Eggeling was born in Hecklingen near the Harz and went to gymnasium in Bernburg after which he studied classical philology at the University of Breslau. Along with Rhys Davids, he studied Sanskrit under Adolf Friedrich Stenzler. He then went to Berlin University to study under Albrecht Weber and went to England in 1867 to study Sanskrit manuscripts in the India Office. He then worked with Max Müller. He became a secretary of the Royal Asiatic Society. He also became a professor of Sanskrit at the University College, London, in 1873. He moved to Edinburgh in 1875, replacing Theodor Aufrecht.
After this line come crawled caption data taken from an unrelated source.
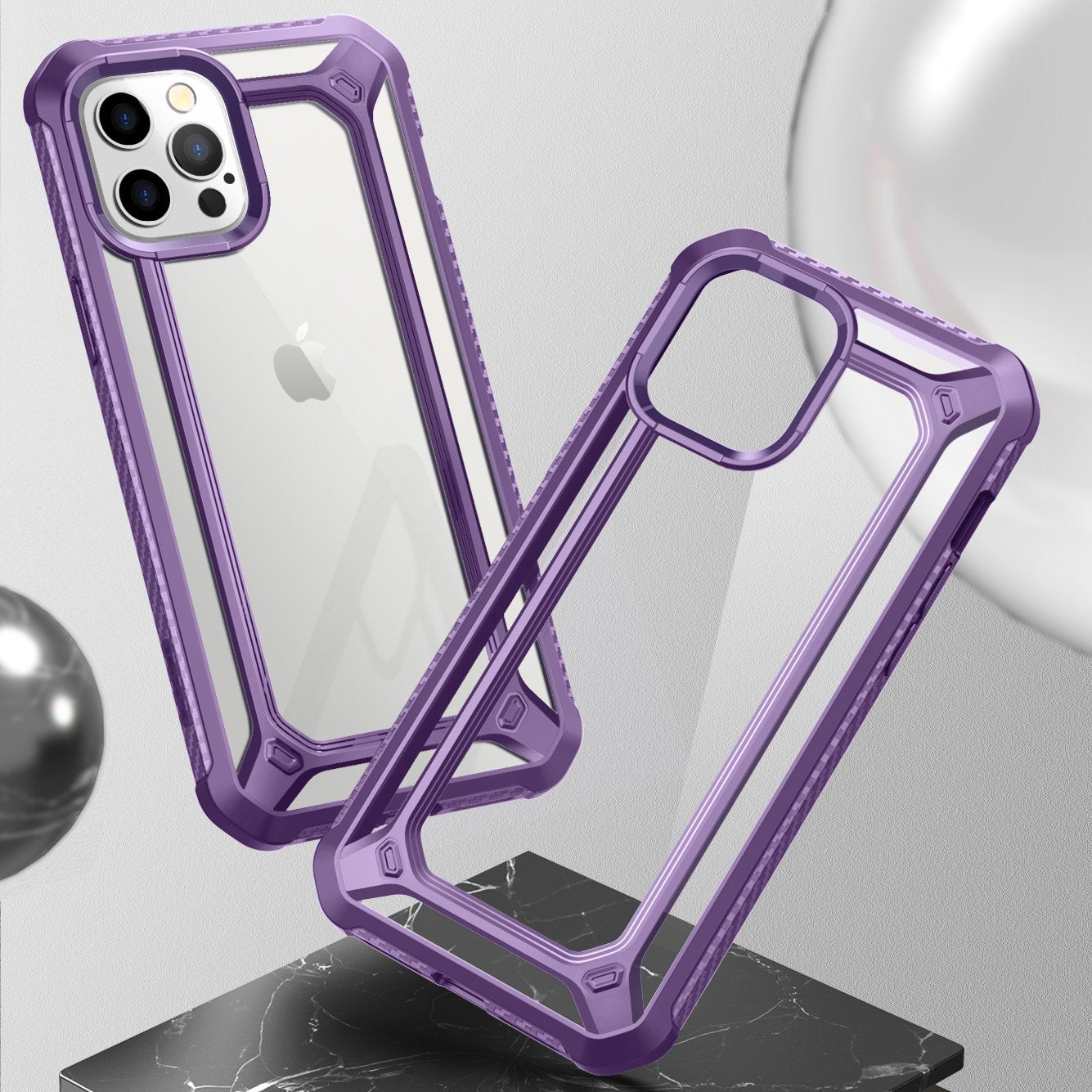 iPhone 12 Pro Max 6.7 inch Unicorn Beetle Exo Clear Case-Purple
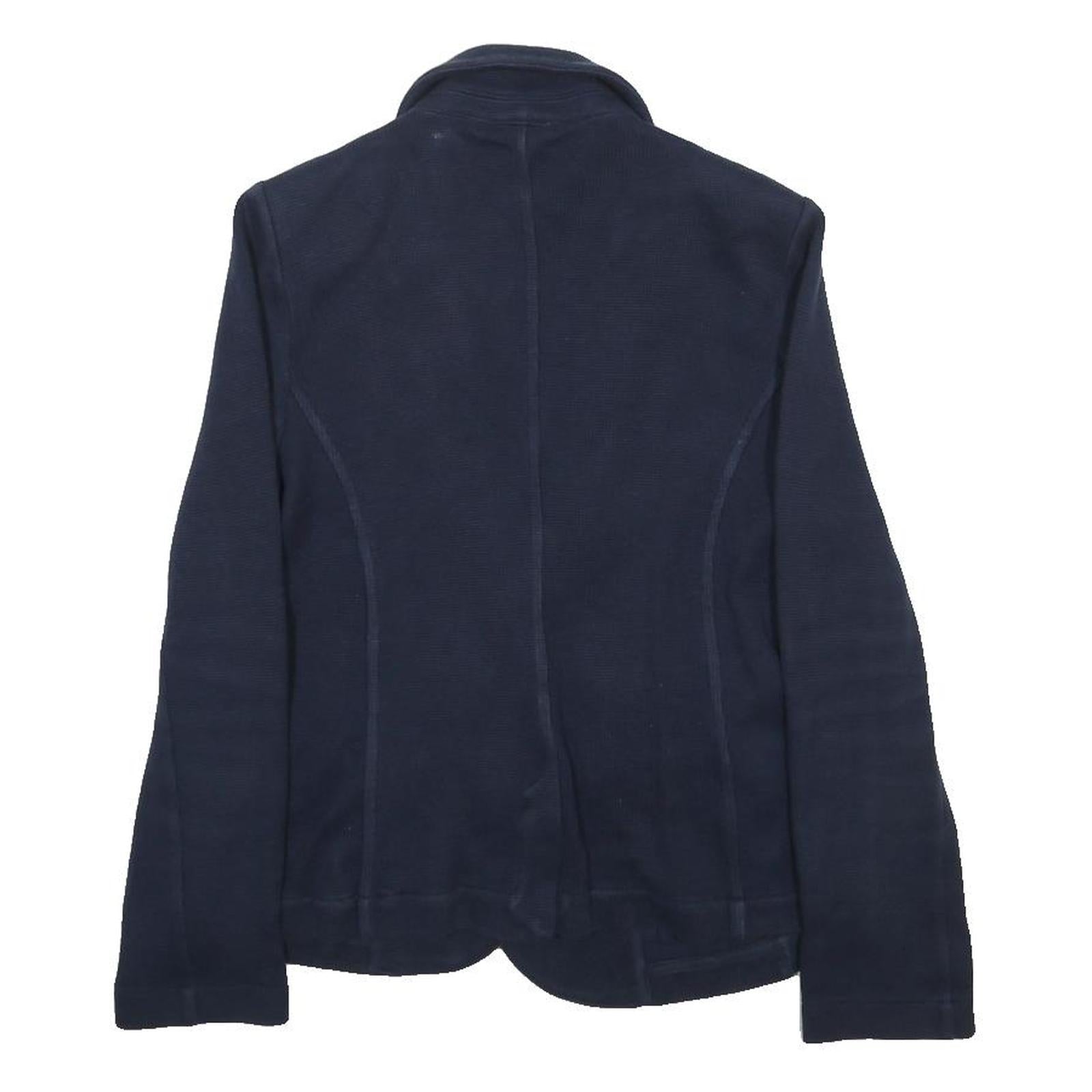WHISTLES Womens Navy Blue Cotton Blazer Jacket UK 12 Plain Button Closure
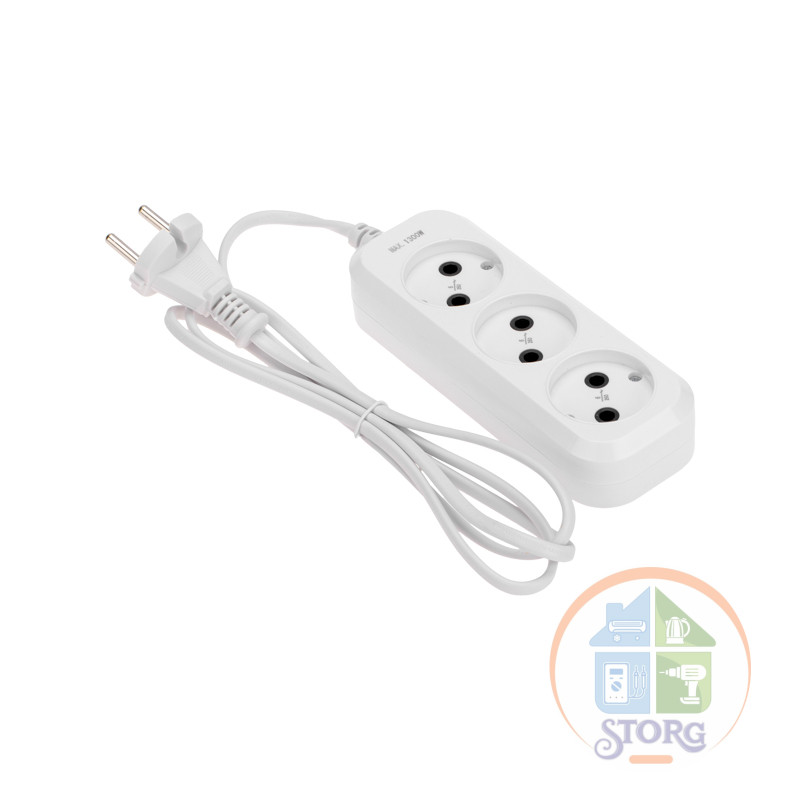 Удлинитель 3 гнезда, 1,5м, 2х0,75мм, б/з, белый PROconnect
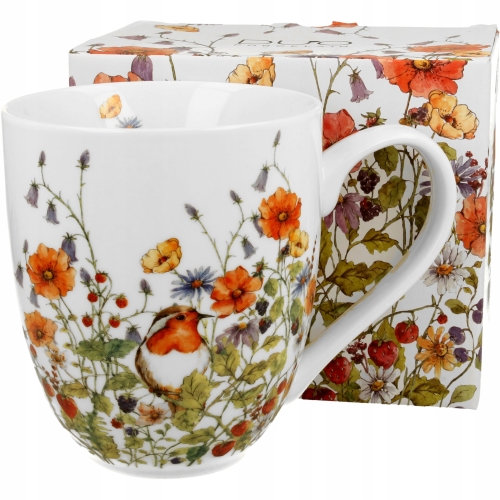 PORCELANOWY Kubek XXL 1000 ml do KAWY HERBATY - Flower Classic WILD BIRD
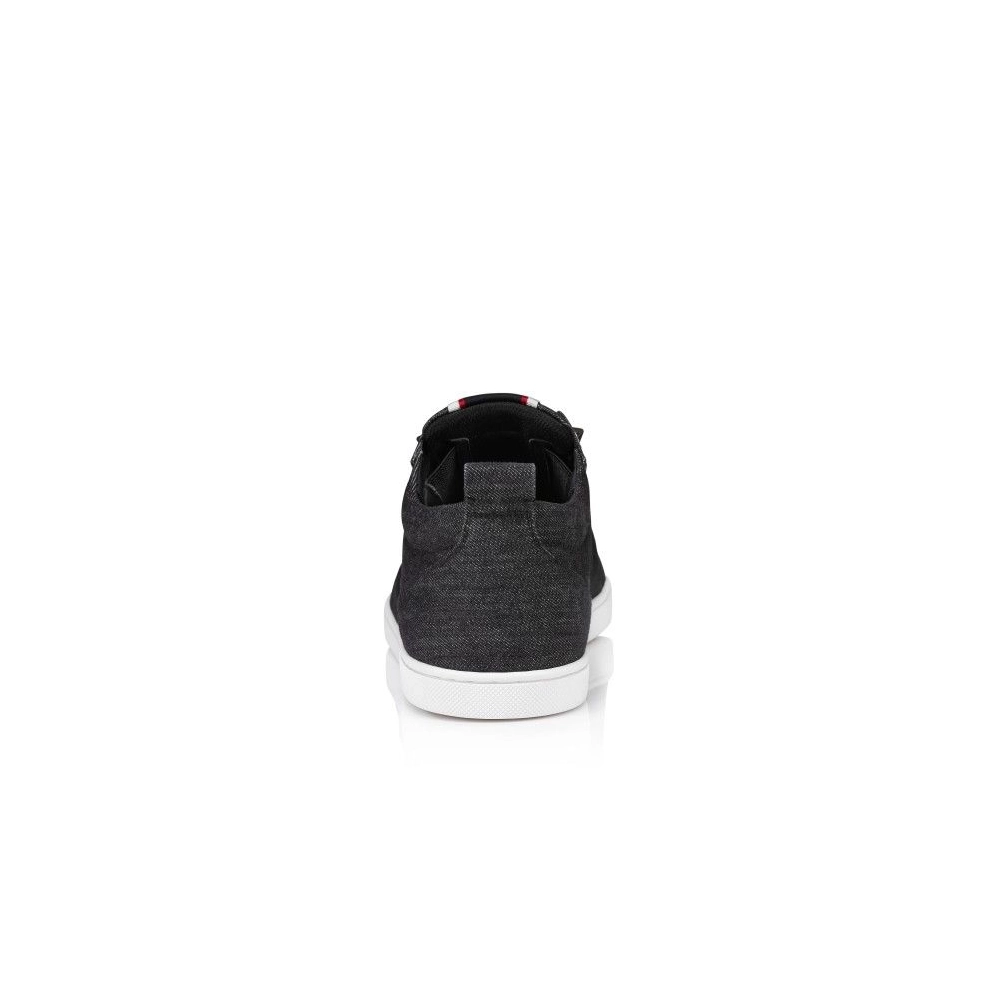Replica Christian Louboutin F.A.V Fique A Vontade Slip-On Sneakers Denim Brushed Black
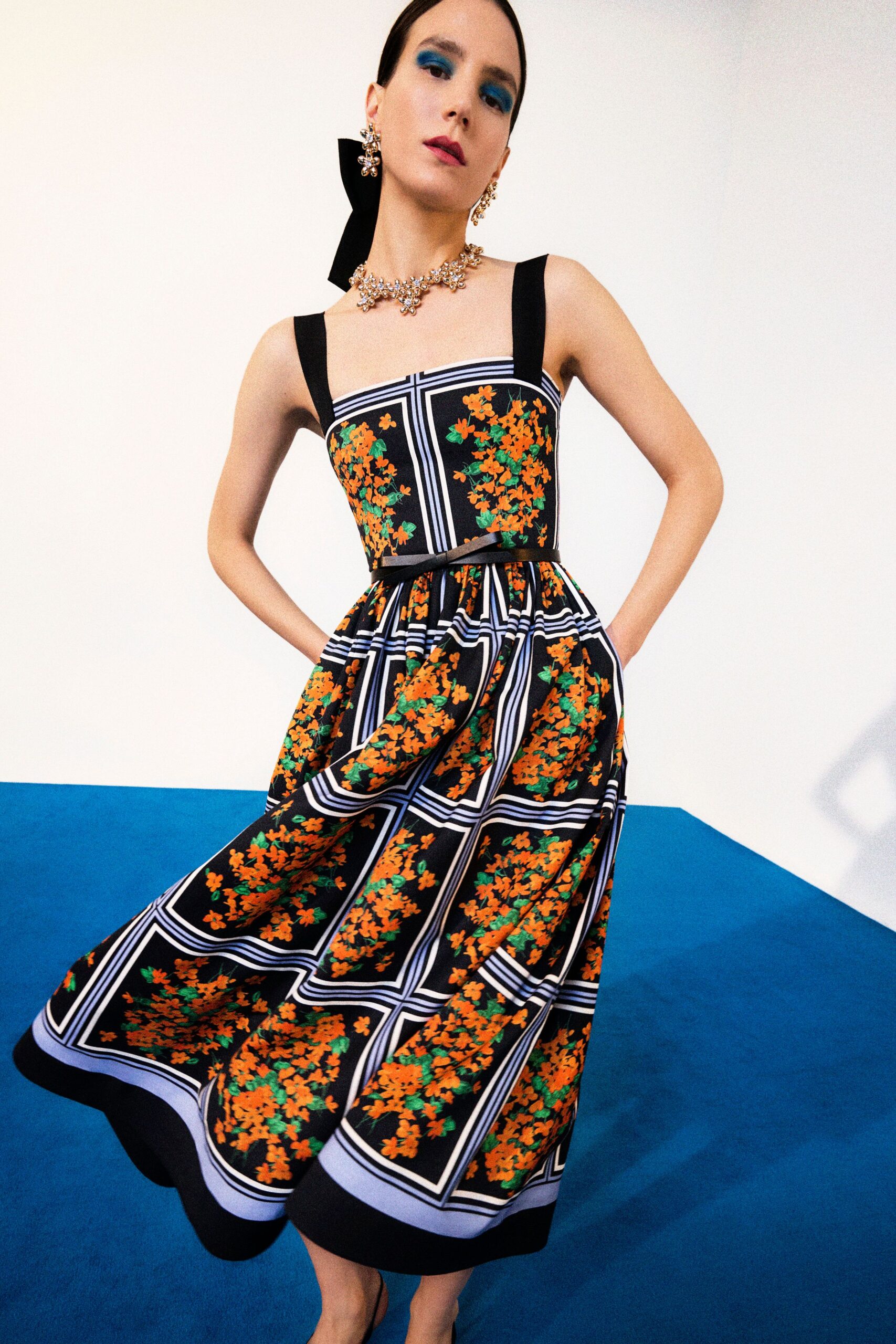 black printed midi dress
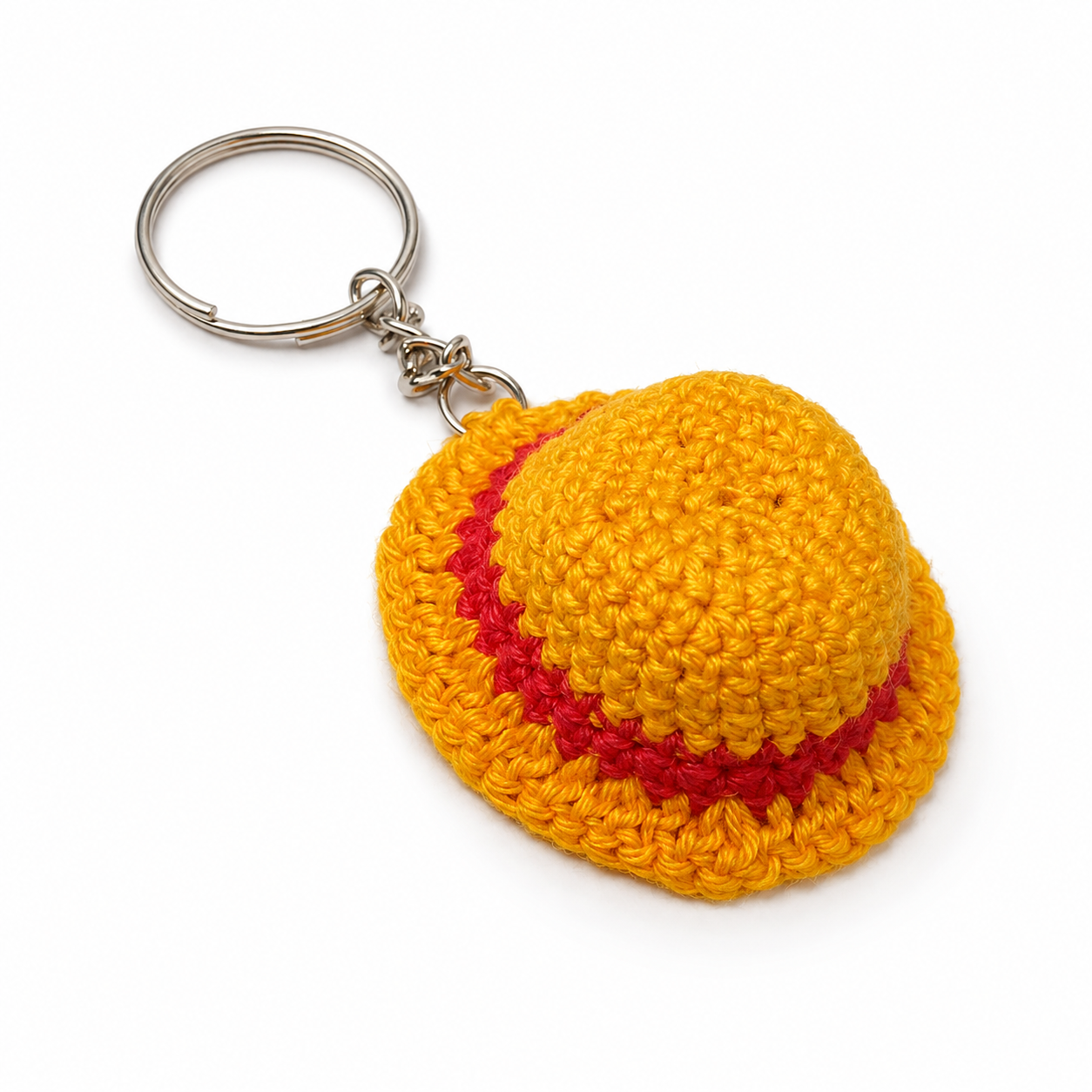 Sunny Hat Keychain product photo, bright yellow mini hat charm with red band and metal keyring on a plain white background.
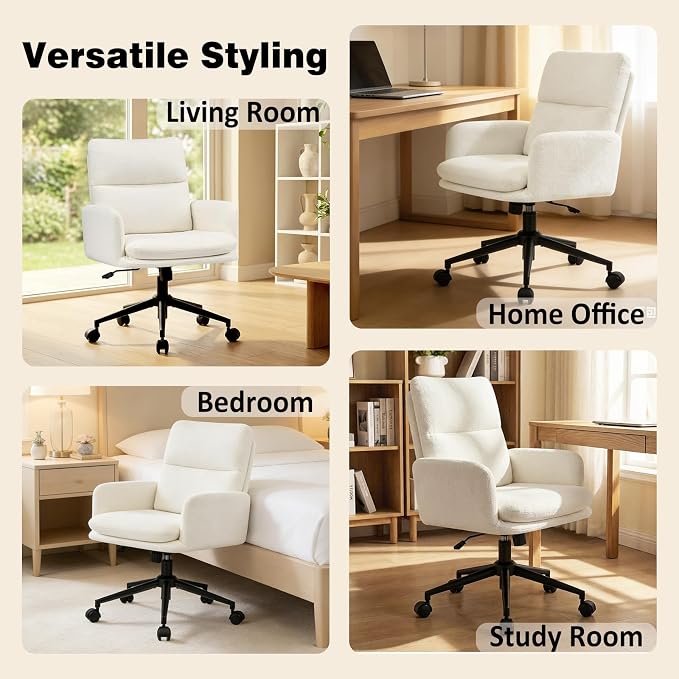 Comfortable Home Office Chair, Upholstered Desk Chair with Double-Layer Cushioning, Adjustable Height Swivel Task Chair with Padded Armrests, Rolling Wheels and Metal Base, Ivory White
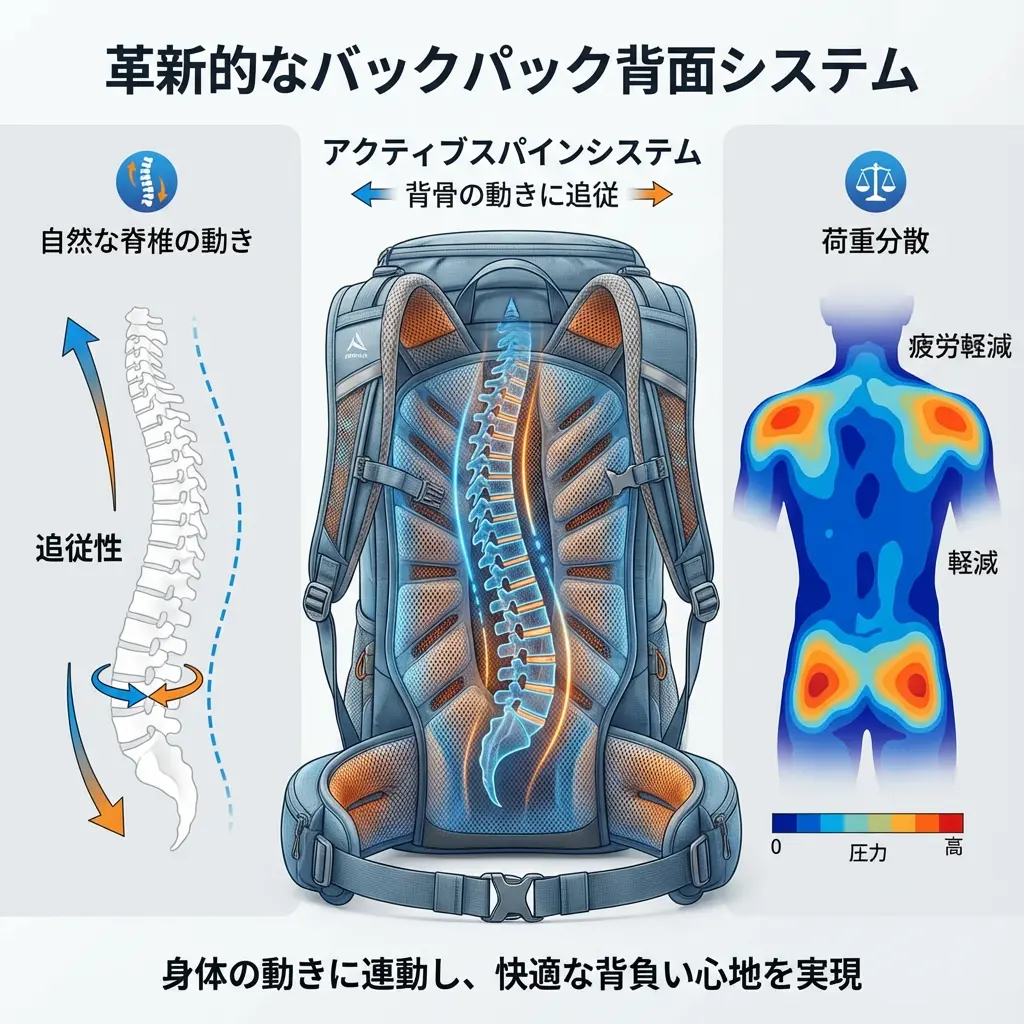 マムート Active Spine 背面システムの仕組みを示すインフォグラフィック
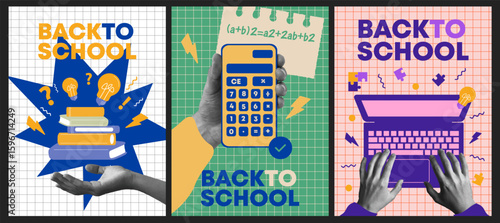 Back to school halftone collage elements set. Trendy collage with halftone hand holding calculator, laptop, books stack and school supplies. Vector illustration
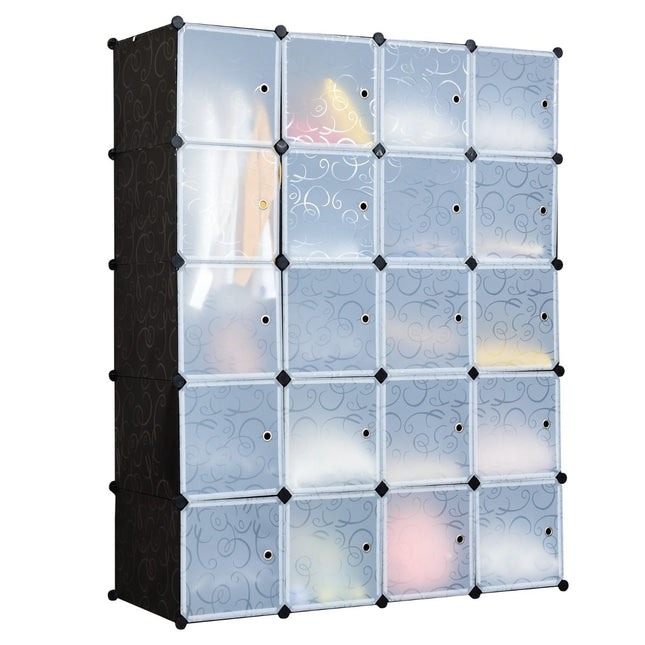 Modulární organizér s 20 boxy, černý, plastový regál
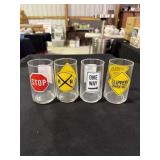 4 Traffic sign water/tea glasses by Anchor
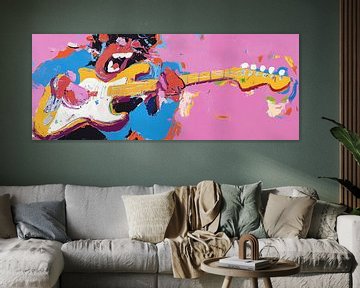Gitarist | Electric Harmony in Color van De Mooiste Kunst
He retired in 1914. Eggeling was translator and editor of the Satapatha Brahmana in 5 volumes of the monumental Sacred Books of the East series edited by Max Müller, author of the main article on Sanskrit in the Encyclopædia Britannica, and curator of the University Library from 1900 to 1913. In August 1914 he left for a vacation in his native Germany when the war broke out. His German passport was invalid and he could not obtain an English nationality by naturalization.but because of World War I, he was unable to much despite efforts from Scotland. He then sent his resignation to Edinburgh University and lived with his daughter in Westphalia and died in 1918.

He lived on Brunstane Road in Joppa, Edinburgh.